Ai Weiwei wasn't always a dissident -- at least not officially. It wasn't until the Sichuan earthquake 2008 when the Chinese government refused to release the names of over 5000 children who died, that Weiwei confronted the government directly. He produced a performance piece that read each child's name continuously and posted it online. Since then the Chinese government has kept him under continuous surveillance. Weiwei continues to speak out.

@Large: Ai Weiwei at Alcatraz, a potent and provocative installation at America's most notorious prison-turned-national-park embodies the idea that freedom of expression cannot be silenced. The seven installations in four separate buildings are integrated with the standard Alcatraz tour. Weiwei's work, however, transforms the crusty prison,  confronting visitors with stark contrasts and bringing up questions about freedom and human rights.

Sketched on location while visiting Beijing January 2015
On April 3, 2010 police arrested Weiwei without charges and detained him at an unknown location for 81 days, finally releasing him on June 22 without explanation and without his passport. He cannot leave China. A bicycle whose basket of flowers is refreshed daily sits just outside the door of his Beijing studio, and beneath several surveillance cameras--a silent statement.

Because he cannot leave China, Weiwei used books, memoirs, & photos to study the Alcatraz prison site, mapping it's construction and layout while designing the exhibition.
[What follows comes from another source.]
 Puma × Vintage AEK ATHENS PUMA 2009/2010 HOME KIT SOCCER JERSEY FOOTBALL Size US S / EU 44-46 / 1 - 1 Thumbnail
Weiwei's staff, park staff and local volunteers assembled the installations.

Weiwei uses the opportunity of the exhibition to speak to what happens when people lose the ability so speak freely and to bring the conversation to a broader audience. He researched political prisoners throughout the world and uses this opportunity to call them, their repression and their causes to our attention.
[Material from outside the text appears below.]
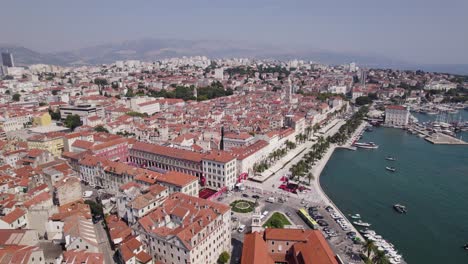 Atemberaubende-Luftaufnahme-Der-Historischen-Uferpromenade-Von-Split-Mit-Ikonischer-Architektur-Und-Jachthafen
The theme of human rights, freedom of expression and the political repression of many countries, including the U.S., runs throughout the exhibition.

THE NEW INDUSTRIES BUILDING - the vast structure where inmates worked doing laundry for military bases and manufacturing goods for government use. The three most visually dramatic installations are in this building.

With Wind
A traditional hand-painted silk Chinese Dragon kite seems to burst through the confinement; the head confronts you at the entrance and the body, hand-painted silk discs, winds through tall pillars contrasted by walls with peeling paint and exposed rusty pipes. Some silk discs display quotes from political prisoners including Weiwei.
With Wind - Industries Building - Alcatraz
The signature art piece of @Large: Ai Weiwei on Alcatraz, panels with 176 faces made of millions LEGOs cover the floor in a patchwork of color. Each face is the portrait of a real person who has had some experience with political imprisonment. Some are still imprisoned; some are now free: some deceased. 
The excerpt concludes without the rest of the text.